**Records for this task**
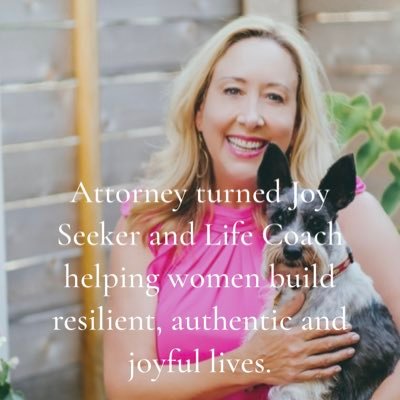 Recovering attorney teetering between the metaverse and the metaphysical. #joyseeker #lifecoach #ATX #genderequity #technology #healthlaw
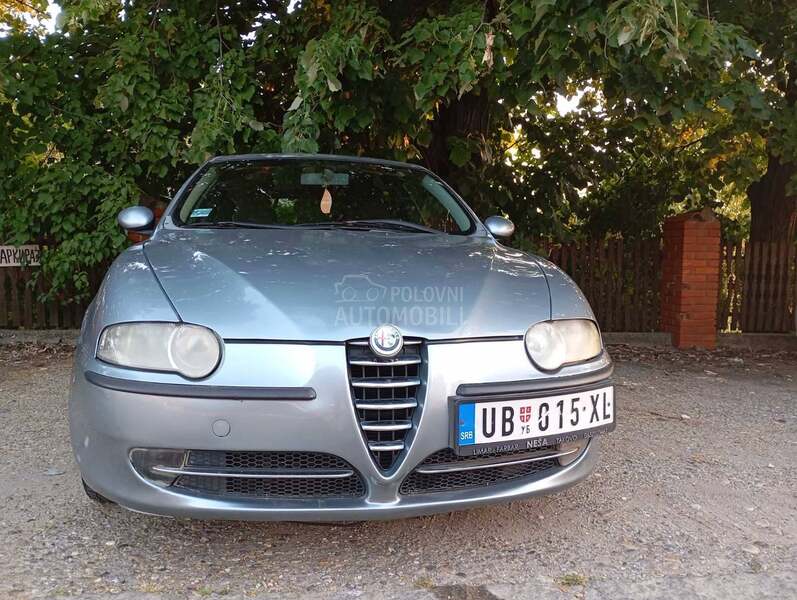 Alfa Romeo 147 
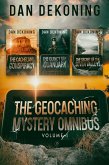 The Geocaching Mystery Omnibus: Volume 1 (eBook, ePUB)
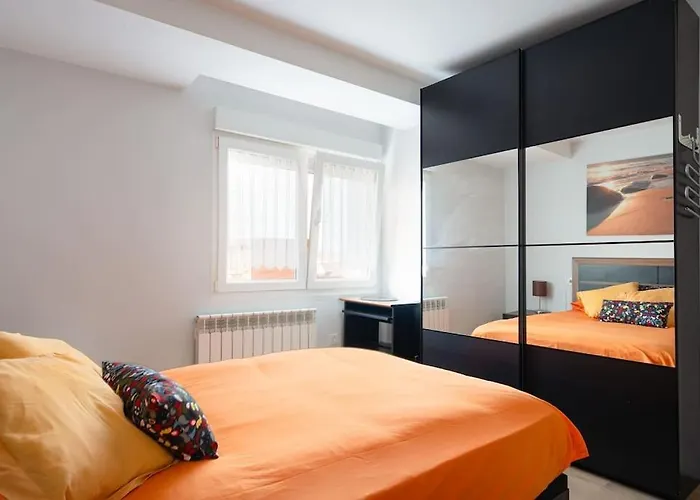 Myhousespain - Moderno Piso Frente Al Mar Хіхон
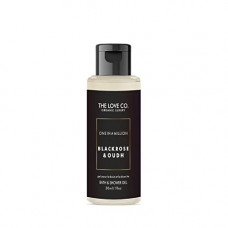 Deals, Discounts & Offers on Beauty Care - THE LOVE CO. Black Rose & Oudh Body Wash 30Ml - Body Wash For Women - Body Wash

**Task item**
The copy must include every record exactly and none of the pictures.

**Response to this exercise**
 Recovering attorney teetering between the metaverse and the metaphysical. #joyseeker #lifecoach #ATX #genderequity #technology #healthlaw
 Alfa Romeo 147 
 The Geocaching Mystery Omnibus: Volume 1 (eBook, ePUB)
 Myhousespain - Moderno Piso Frente Al Mar Хіхон
 Deals, Discounts & Offers on Beauty Care - THE LOVE CO. Black Rose & Oudh Body Wash 30Ml - Body Wash For Women - Body Wash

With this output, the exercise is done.